▶ **Work task**
Word for word, restate the listing that follows and leave out the images.

▶ **Data shown**
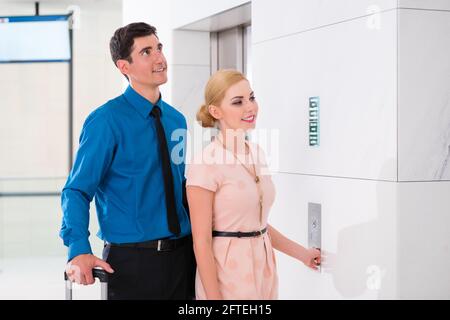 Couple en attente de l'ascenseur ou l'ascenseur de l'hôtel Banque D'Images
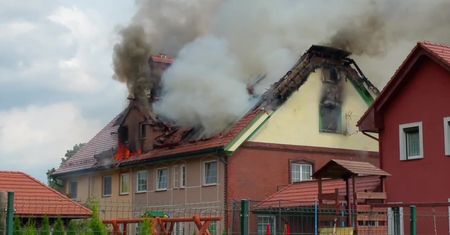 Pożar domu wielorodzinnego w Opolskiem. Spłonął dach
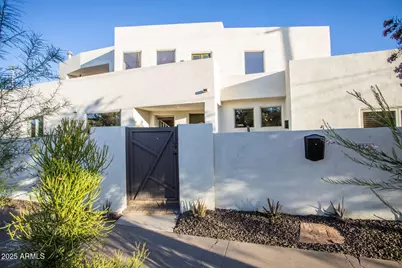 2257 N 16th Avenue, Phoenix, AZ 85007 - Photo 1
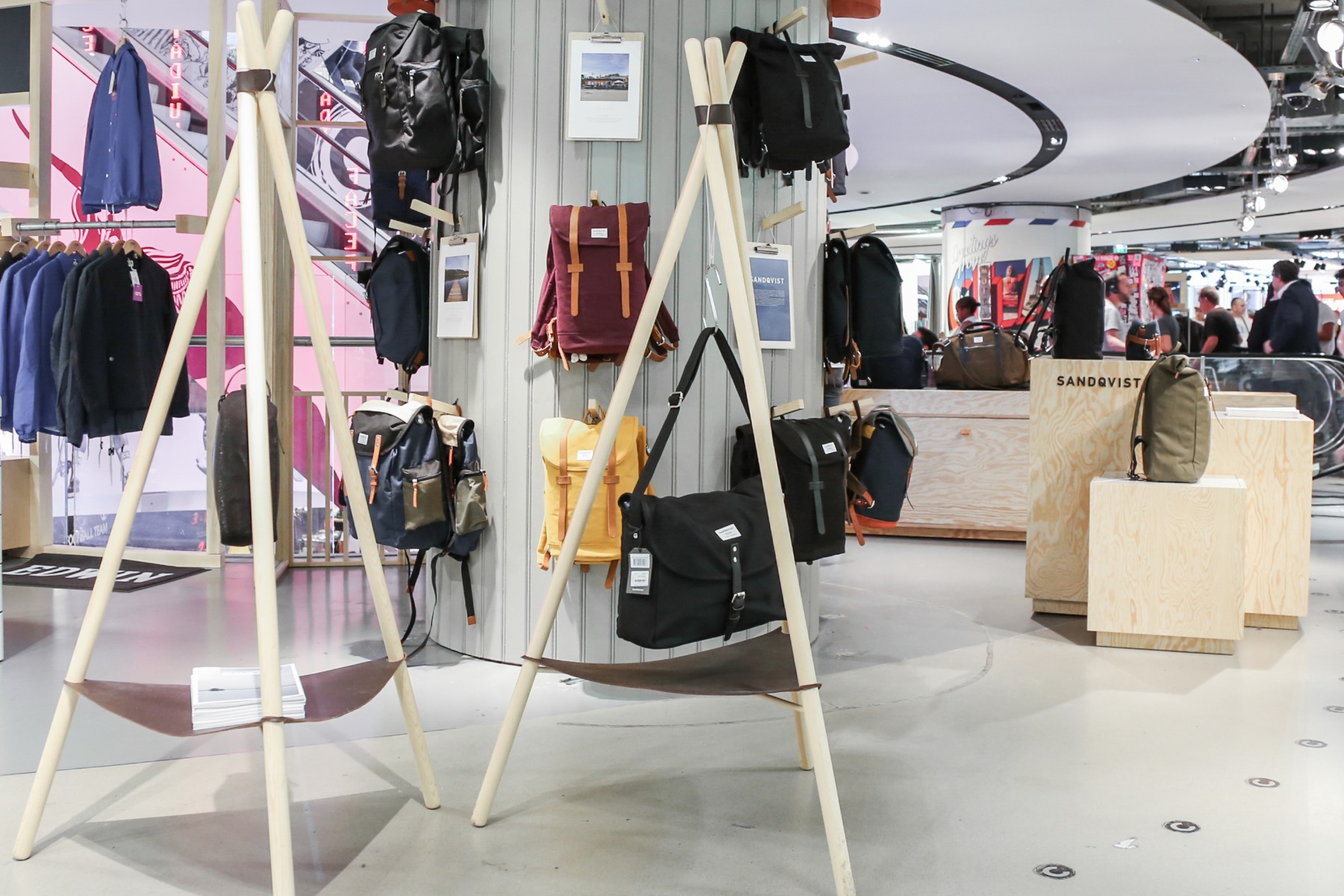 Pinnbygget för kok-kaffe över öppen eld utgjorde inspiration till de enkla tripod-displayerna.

▶ **Answer section**
 Couple en attente de l'ascenseur ou l'ascenseur de l'hôtel Banque D'Images
 Pożar domu wielorodzinnego w Opolskiem. Spłonął dach
 2257 N 16th Avenue, Phoenix, AZ 85007 - Photo 1
 Pinnbygget för kok-kaffe över öppen eld utgjorde inspiration till de enkla tripod-displayerna.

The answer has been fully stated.